I think as long as you’re eating food that tastes good within what you’re able to eat then you’re doing just fine and people shouldn’t judge you. It’s people that could eat whatever and choose to be flavourless that suck.
lots of rice, but never watermelon
Show up with the blue ribbon zucchini that’s the size of a 4 year old, give them a good scare
Rice and watermelon sounds like an odd combo, tbh.
Honestly this probably kinda describes my family, depending on how you interpret it.
My brother and I, and my dad’s wife are all really into cooking now though
Can you elaborate what about your family could be interpreted as “not a big food family”? I just have so many ideas but none feel like how I’d immediately describe it. Because ultimately it sounds like a family that takes no pleasure or joy from a meal. Even sharing or preparing one together.
Sorry for the essay lol:
My dad was a workaholic and really only made much time for church, scouts, and Netflix nights with my brother and I when I was little, and my mom doesn’t like and isn’t particularly good at cooking (with a couple exceptions for certain dishes) plus she also worked full time, and as a kid I had an undiagnosed eating disorder that made me picky and food averse to a point of being a health risk (I was 5th percentile in weight at various points)
When we ate at home I ate very poorly because neither of them were great at cooking, so with both my parents being busy and wanting me to eat well, we ate out a ton, often tex-mex, cause that’s what I’d consistently eat a reasonable amount of and we all liked it (my brother would happily eat just about anything lol).

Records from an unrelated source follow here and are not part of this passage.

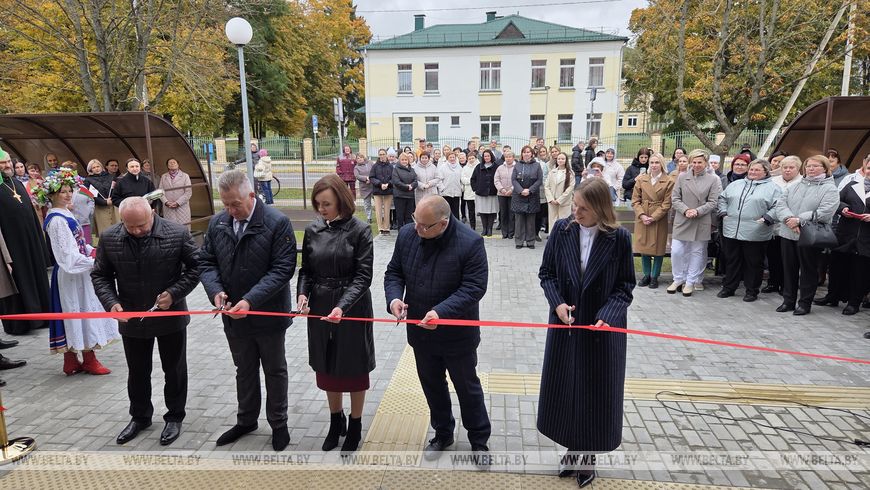 В День Матери в Пружанах открыли здание женской консультации и педиатрического отделения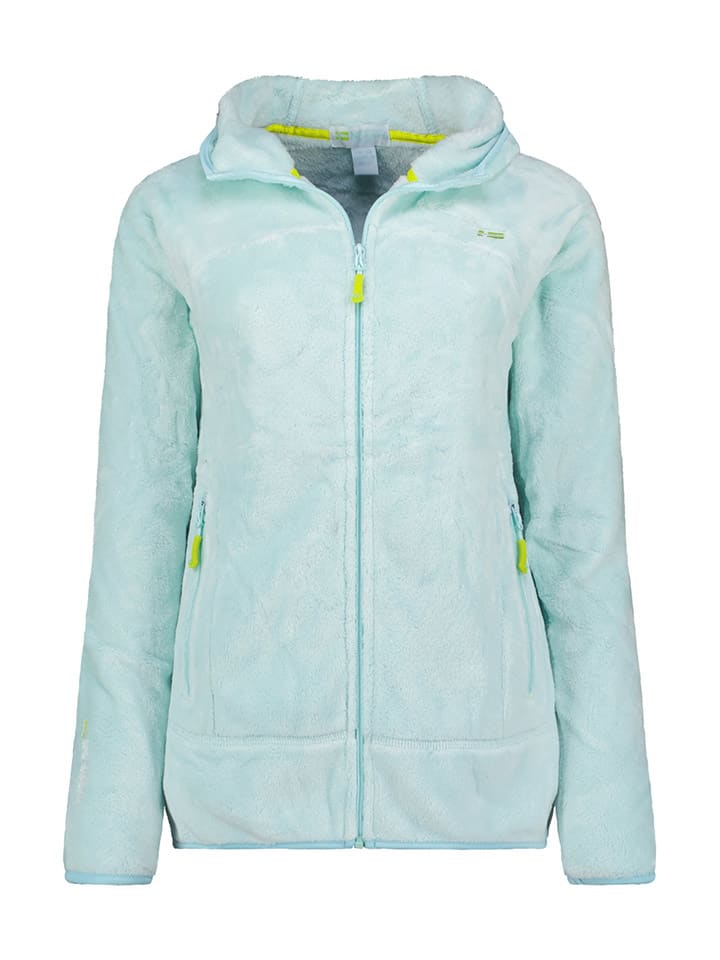 Fleece vest "Upalood" lichtblauw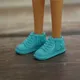 1 pair Original shoes for Barbie Doll bjd 1/6 Fashion Sneaker Doll house dressing up Sandals fantezi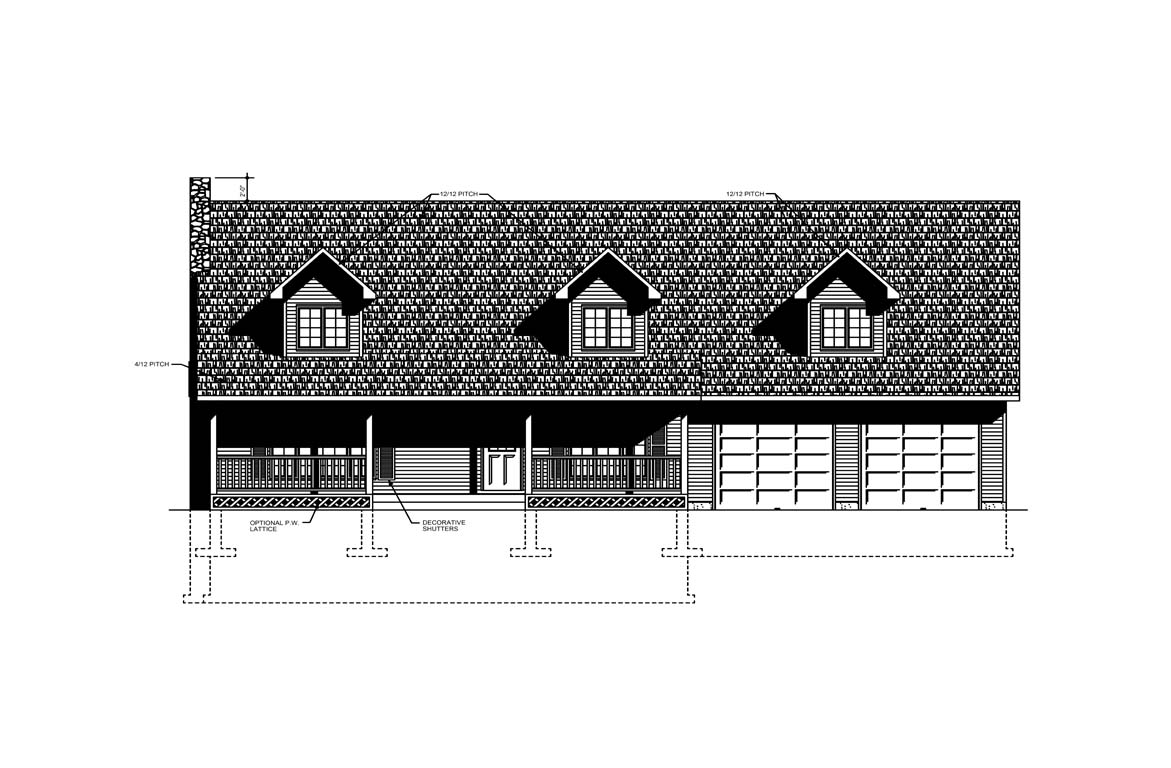 Mobile front elevation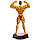 Статуетка нагородна спортивна Бодібілдинг Бодібілдер Zelart C-2245-A8, фото 3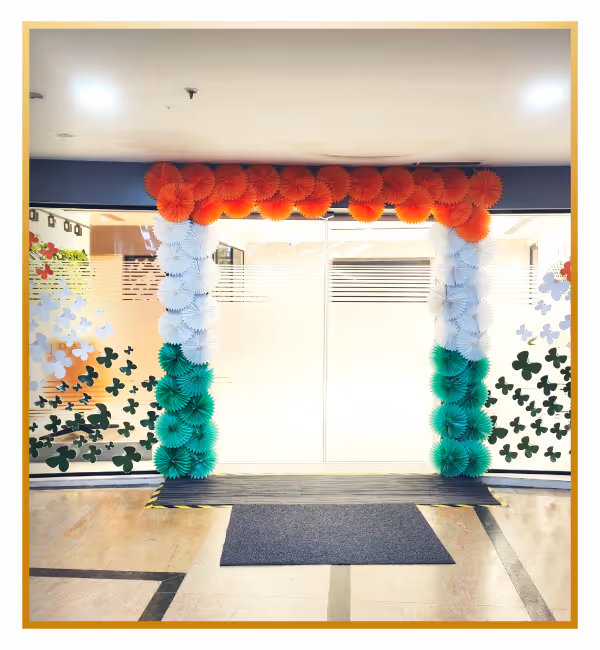 special independence day celebration for offices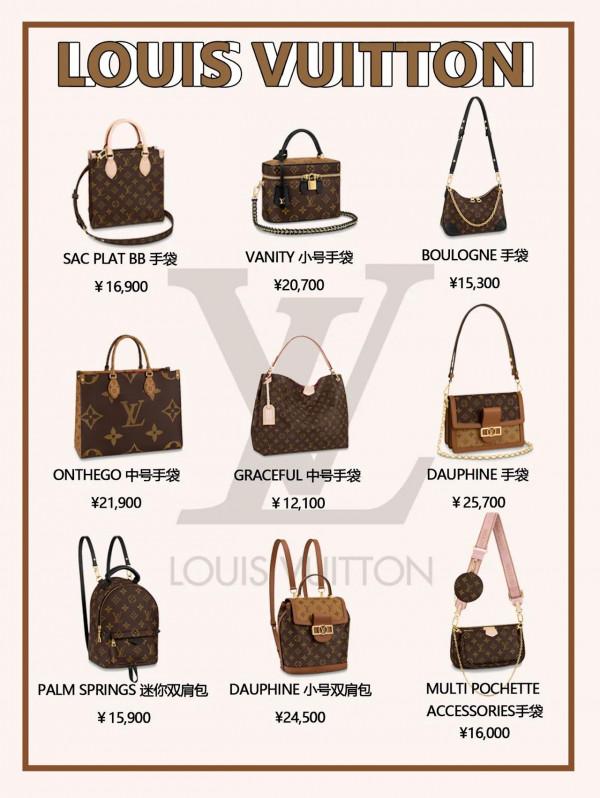 各大牌包包保值選款攻略 各大牌包包保值選款攻略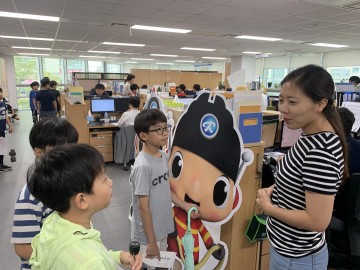 세종시교육청, 초등학생 대상 교육청 견학 프로그램 마무리!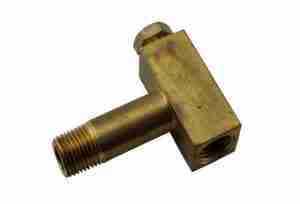 1959-62 Tripower Center Carburetor Vacuum Fitting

We ate SO much moes lol. The people there all knew us, the manager was a sweetheart and would come chat with us at our table. My dad really liked shouting “welcome to moes!!!” With them when we walked through the door, and if they forgot or were quiet or whatever he’d give them a hard time about it lol. And then ask them for a veritable mountain of cilantro on his burrito 😅
Food just wasn’t a huge part of my family life as a kid. My dad has gotten into grilling now that I’m an adult and makes amazing pulled pork, and his wife loves cooking. My mom is starting to get interested in cooking as she’s now dating someone who for the first time (after my dad) doesn’t cook as a huge pastime/hobby (her last couple boyfriends loved cooking and always wanted to cook for her). She recently even asked if she could borrow my copy of Salt Fat Acid Heat.
But as a kid, cooking and eating was a thing we needed to do but not a big shared experience that brought the family together. Especially once my parents separated when I was in middle-school- they were kinda dealing with their own shit and more or less just left my brother and I to figure out food for ourselves a lot of the time
But that’s when I started learning how to cook myself, which ended up being the single biggest thing I could do to manage and work on my eating disorder, so it ultimately worked out okay :)
Food is much more relevant now to disparate members of my family, but it’s individual interests now moreso than a shared family thing outside of holidays.
Hope this explains what I mean :)
(Not the original commenter)
I mean yeah that’s pretty much it. My dad’s cooking is unseasoned cucumber in a pan with some grocery-store veggie balls, which is not enough for 2-3 people. My mom’s cooking is much better, but it’s cooked more out of expectation than enjoyment. Eating together is expected but not enjoyed for its own merits afaik.
Desserts are the exception usually. Still, it messed up with my relationship to food, made it a lot worse than it could have been. Eating full meals with someone makes me gag, I have trouble eating normal quantities.